¾ lb boneless Best Choice Skinless Chicken Breast cut into 1 ½ to 2” cubes.

18 medium Best Choice Shrimp, shelled and deveined (½ to ¾ lb)

½ cup Best Choice Olive Oil

½ cup prepared mango chutney, chopped if coarse

½ cup Best Choice Teriyaki Sauce

2 tbsp Best Choice Balsamic Vinegar

18 large bamboo or metal skewers (about 12” long)

1 medium yellow onion cut into ½ inch wedges

1 medium red onion, cut into ½ inch wedges

2 firm, ripe mangos, peeled, pitted & cut into large cubes

1 large green bell pepper, halved, trimmed, seeded and cubed

Best Choice Nonstick Cooking Spray

Ginger Mango Dipping Sauce (recipe below)



Place chicken and shrimp in shallow glass pan or large re-sealable plastic bag. For marinade, combine oil, chutney, teriyaki sauce and vinegar in a small bowl with a lid. Pour half of marinade mixture over chicken and shrimp. Cover or seal and marinate in refrigerator at least 3 hours, preferably overnight. Cover and refrigerate remaining marinade for basting.

If using bamboo skewers, soak in water at least one hour before using.

To prepare kabobs: drain and discard marinade from meat. Thread chicken, yellow and red onion, mango, green pepper, and shrimp alternately onto skewers. Be sure to keep enough room at one end of each skewer for a “handle.”

Coat grill grate with nonstick cooking spray. Place skewers over medium coals, and grill for 12-15 minutes or until meat is done and vegetables are tender. Brush often with reserved marinade and turn skewers until cooked through.

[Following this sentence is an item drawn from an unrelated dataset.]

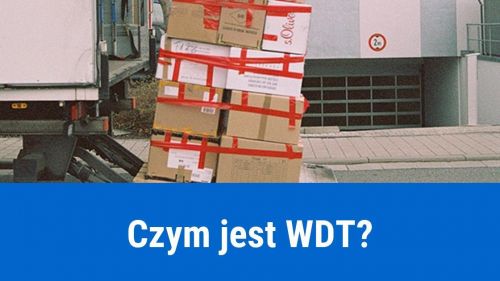 Faktury WDT
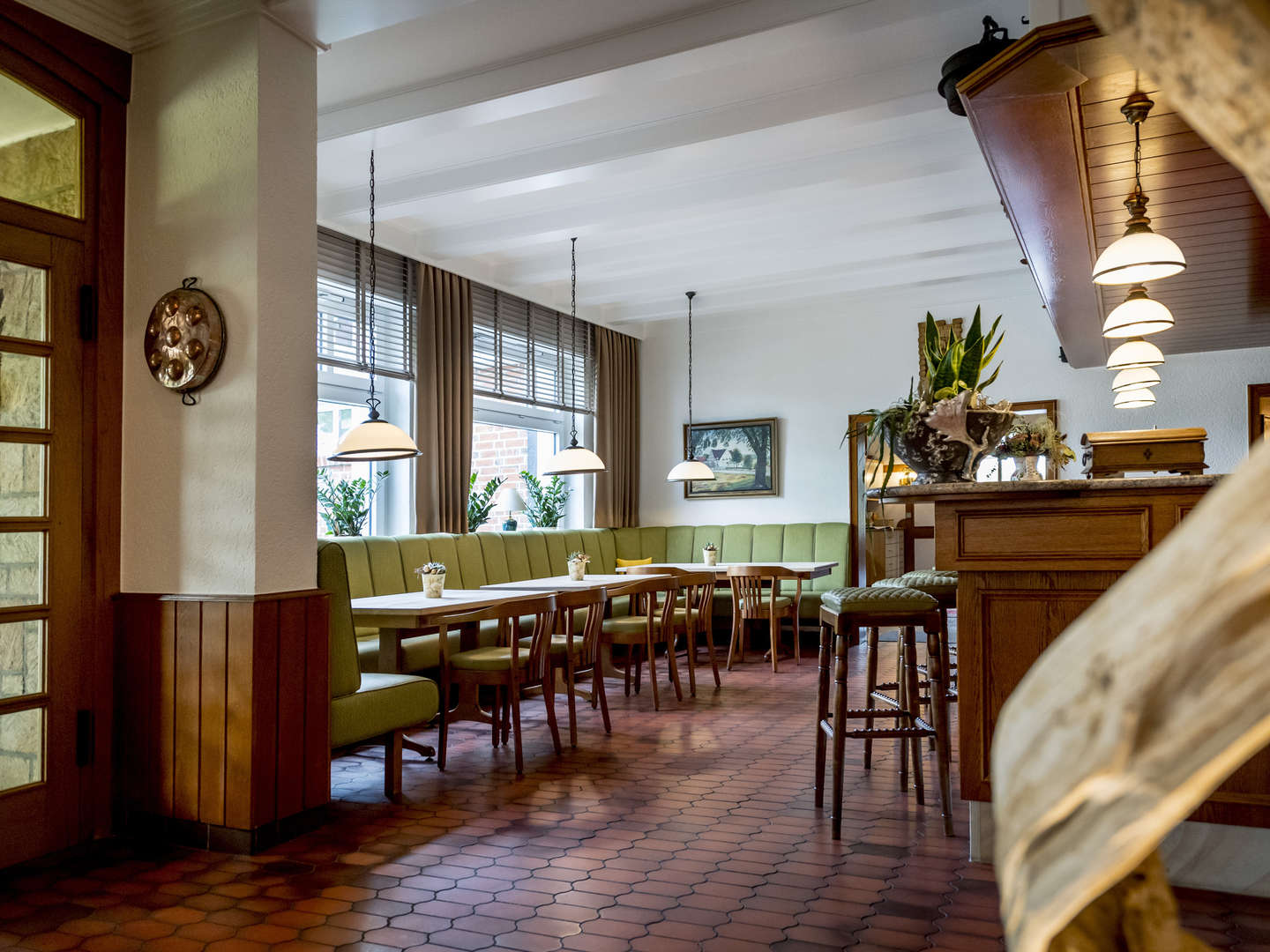 Sommerzeit in der Teutoburger Wald Region im Ringhotel Landhotel Buller | 2 Nächte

If needed, use spatula to gently loosen skewers before turning as they may stick.

Arrange skewers on a platter and serve with Ginger Mango Dipping Sauce.


Ginger Mango Dipping Sauce:

1 mango, halved, pitted & scooped out of skin (about 1 cup)

¼ cup Best Choice Orange Juice Concentrate

2 tsp grated fresh ginger root (or ½ tsp ground ginger)

Combine ingredients in electric blender and puree until smooth.